Folks, what is this LL(0) stuff? You need at least one token lookahead to
choose the correct production in LL or recursive descent parsing, so LL(k)
makes sense only for k > 0.
--
		J. Eliot B. Moss, Assistant Professor
		Department of Computer and Information Science
		Lederle Graduate Research Center
		University of Massachusetts
		Amherst, MA  01003
		(413) 545-4206; Moss@cs.umass.edu
-- 
Send compilers articles to compilers@iecc.cambridge.ma.us or
{ima | spdcc | world}!iecc!compilers.  Meta-mail to compilers-request.

aycock@cpsc.ucalgary.ca (John Aycock) (11/27/90)

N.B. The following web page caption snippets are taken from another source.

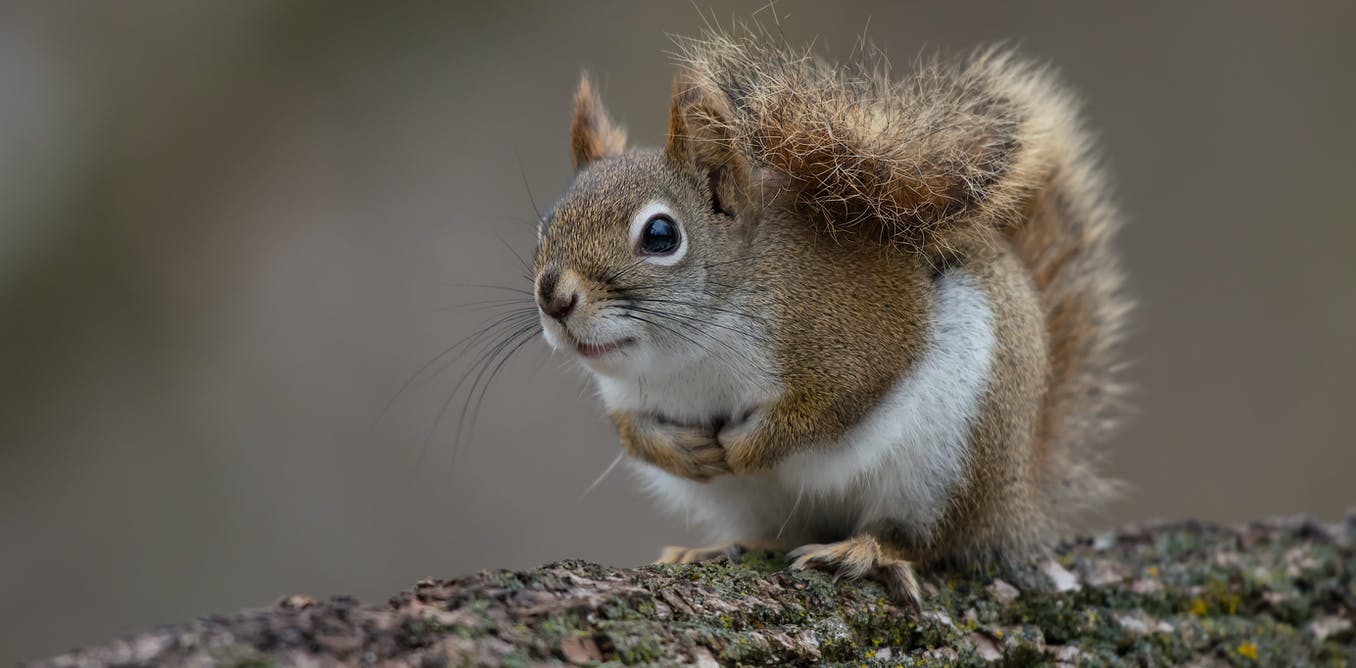 Image Of Squirrel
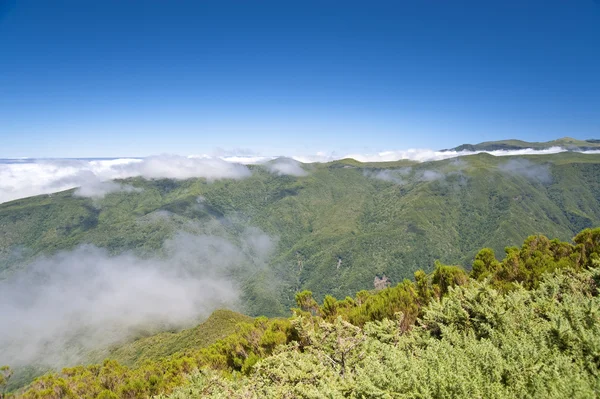 Madeira — Stock Fotó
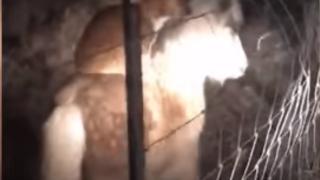 Куче бе заснето на ВИДЕО как язди едноокото пони на съседите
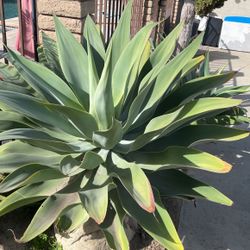 Agave Attenuata Aka Foxtail Or Lions Tail Huge Stock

| Reply-To: moss@cs.umass.edu (Eliot Moss)
|
| Folks, what is this LL(0) stuff? You need at least one token lookahead to
| choose the correct production in LL or recursive descent parsing, so LL(k)
| makes sense only for k > 0.

Not so.  Consider the following grammar:

S -> A B C
A -> a
B -> b
C -> c

No lookahead is required, yet a parser can predict that the first token will
be an 'a', the second a 'b', and so on.  As an example of where a grammar like
this could be applied, I recently wrote an EBNF->BNF converter for a compiler
class that took input files of the form:

<file> -> <terminal-section> <nonterminal-section> <start> <rules> .
<terminal-section> -> TERMINALS <terminal-list> END .
<nonterminal-section> -> NONTERMINALS <nonterminal-list> END .
   &c...

Admittedly, a rather rigid and restrictive format, but it suited the purpose
nicely.
:ja
--
John D. Aycock		aycock@cpsc.ucalgary.ca
(403) 285-8727
[Justin Graver <graver@ufl.edu> send a similar message. -John]
-- 
Send compilers articles to compilers@iecc.cambridge.ma.us or
{ima | spdcc | world}!iecc!compilers.  Meta-mail to compilers-request.